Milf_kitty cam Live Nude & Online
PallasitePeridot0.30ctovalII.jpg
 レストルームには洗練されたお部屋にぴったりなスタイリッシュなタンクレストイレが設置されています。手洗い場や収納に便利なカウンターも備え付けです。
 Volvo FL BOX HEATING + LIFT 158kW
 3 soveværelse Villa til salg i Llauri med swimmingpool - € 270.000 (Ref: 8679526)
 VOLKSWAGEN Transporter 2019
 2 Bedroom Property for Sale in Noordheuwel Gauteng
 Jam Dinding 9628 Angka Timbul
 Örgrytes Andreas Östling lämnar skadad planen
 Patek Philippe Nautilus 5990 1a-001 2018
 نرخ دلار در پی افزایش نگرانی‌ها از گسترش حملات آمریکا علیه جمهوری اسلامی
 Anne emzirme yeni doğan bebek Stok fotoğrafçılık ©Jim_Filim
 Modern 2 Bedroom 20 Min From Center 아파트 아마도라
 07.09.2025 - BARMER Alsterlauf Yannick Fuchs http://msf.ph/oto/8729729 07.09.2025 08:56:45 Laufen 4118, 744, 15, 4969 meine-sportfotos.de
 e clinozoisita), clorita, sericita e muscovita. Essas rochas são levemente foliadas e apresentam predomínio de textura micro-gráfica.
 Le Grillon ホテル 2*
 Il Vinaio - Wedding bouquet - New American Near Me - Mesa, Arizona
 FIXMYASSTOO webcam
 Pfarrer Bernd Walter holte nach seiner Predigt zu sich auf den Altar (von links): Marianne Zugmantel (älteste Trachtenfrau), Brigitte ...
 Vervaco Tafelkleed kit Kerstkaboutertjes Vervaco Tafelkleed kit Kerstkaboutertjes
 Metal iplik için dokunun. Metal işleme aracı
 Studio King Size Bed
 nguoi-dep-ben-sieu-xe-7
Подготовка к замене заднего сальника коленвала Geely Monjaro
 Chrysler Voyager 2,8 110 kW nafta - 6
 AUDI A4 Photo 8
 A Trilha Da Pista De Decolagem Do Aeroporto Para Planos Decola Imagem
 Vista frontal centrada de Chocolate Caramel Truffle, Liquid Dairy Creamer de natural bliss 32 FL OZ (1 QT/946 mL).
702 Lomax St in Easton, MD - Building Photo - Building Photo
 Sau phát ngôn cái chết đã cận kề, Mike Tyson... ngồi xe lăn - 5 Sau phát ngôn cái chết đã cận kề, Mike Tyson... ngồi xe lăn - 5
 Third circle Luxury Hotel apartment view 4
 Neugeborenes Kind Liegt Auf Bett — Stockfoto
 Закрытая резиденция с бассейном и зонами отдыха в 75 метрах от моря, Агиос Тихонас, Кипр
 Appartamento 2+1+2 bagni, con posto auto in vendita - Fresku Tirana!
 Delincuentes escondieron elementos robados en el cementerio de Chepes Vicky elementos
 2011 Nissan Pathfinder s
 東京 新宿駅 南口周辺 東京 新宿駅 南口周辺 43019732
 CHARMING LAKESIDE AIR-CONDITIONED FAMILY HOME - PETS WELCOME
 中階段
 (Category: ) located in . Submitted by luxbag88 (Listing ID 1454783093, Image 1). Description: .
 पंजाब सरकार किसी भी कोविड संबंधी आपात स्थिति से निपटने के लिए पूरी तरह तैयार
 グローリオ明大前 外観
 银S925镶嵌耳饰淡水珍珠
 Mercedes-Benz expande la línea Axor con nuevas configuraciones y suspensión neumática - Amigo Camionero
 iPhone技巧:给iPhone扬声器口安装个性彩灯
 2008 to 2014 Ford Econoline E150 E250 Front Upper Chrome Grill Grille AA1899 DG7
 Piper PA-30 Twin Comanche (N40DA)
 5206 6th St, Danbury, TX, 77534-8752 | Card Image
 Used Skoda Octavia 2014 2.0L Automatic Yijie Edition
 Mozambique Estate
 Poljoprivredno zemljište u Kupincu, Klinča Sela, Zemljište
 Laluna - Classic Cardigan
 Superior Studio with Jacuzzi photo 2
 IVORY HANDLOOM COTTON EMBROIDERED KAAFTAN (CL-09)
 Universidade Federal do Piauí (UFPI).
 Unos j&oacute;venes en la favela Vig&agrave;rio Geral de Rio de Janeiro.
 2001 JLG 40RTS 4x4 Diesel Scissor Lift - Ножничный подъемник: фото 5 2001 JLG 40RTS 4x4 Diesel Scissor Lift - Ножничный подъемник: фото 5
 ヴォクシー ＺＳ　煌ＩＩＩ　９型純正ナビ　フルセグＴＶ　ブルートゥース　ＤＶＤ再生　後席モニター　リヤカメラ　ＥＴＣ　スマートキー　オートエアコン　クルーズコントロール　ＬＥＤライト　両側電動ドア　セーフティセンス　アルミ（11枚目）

▶ **Task objective**
Please return every line of the records above that contains the word "Bedroom".

▶ **Solution**
 2 Bedroom Property for Sale in Noordheuwel Gauteng
 Modern 2 Bedroom 20 Min From Center 아파트 아마도라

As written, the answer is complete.